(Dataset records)
★ ★ ★ ★ ★ ★ ★

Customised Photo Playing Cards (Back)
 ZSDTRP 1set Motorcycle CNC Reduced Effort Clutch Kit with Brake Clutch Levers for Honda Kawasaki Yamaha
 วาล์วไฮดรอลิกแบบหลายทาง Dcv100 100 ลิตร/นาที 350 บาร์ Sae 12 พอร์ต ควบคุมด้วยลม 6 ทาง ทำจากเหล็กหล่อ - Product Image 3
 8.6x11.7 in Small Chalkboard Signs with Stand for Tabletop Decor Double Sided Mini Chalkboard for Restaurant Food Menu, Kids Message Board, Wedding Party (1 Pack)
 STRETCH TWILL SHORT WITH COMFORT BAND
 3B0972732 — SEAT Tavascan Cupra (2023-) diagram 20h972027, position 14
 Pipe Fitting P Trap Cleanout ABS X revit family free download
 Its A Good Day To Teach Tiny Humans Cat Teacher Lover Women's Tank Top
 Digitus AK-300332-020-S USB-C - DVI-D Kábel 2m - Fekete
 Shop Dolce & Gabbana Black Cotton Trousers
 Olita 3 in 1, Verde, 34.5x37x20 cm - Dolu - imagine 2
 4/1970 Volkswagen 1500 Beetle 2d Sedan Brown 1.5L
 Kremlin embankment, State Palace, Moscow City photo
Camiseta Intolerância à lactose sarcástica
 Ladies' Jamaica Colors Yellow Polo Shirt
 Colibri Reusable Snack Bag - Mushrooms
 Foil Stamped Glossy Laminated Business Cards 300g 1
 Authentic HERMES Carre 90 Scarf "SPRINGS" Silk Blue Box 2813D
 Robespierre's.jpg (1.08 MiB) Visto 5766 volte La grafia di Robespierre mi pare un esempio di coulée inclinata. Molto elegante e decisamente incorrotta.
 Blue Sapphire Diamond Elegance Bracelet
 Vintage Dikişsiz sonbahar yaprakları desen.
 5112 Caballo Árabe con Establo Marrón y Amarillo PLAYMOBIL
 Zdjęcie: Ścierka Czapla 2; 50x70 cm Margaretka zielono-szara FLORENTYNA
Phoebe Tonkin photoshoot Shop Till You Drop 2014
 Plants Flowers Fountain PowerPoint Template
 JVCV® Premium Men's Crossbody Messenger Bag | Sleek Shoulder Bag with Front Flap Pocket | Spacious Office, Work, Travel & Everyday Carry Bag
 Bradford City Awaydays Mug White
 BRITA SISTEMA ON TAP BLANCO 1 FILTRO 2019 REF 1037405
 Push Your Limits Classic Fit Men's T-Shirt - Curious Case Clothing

★ ★ ★ ★ ★ ★ ★

## WORK REQUIRED
From the data above, say how many lines include "Blue", and write nothing but the number.

## WRITTEN RESPONSE
2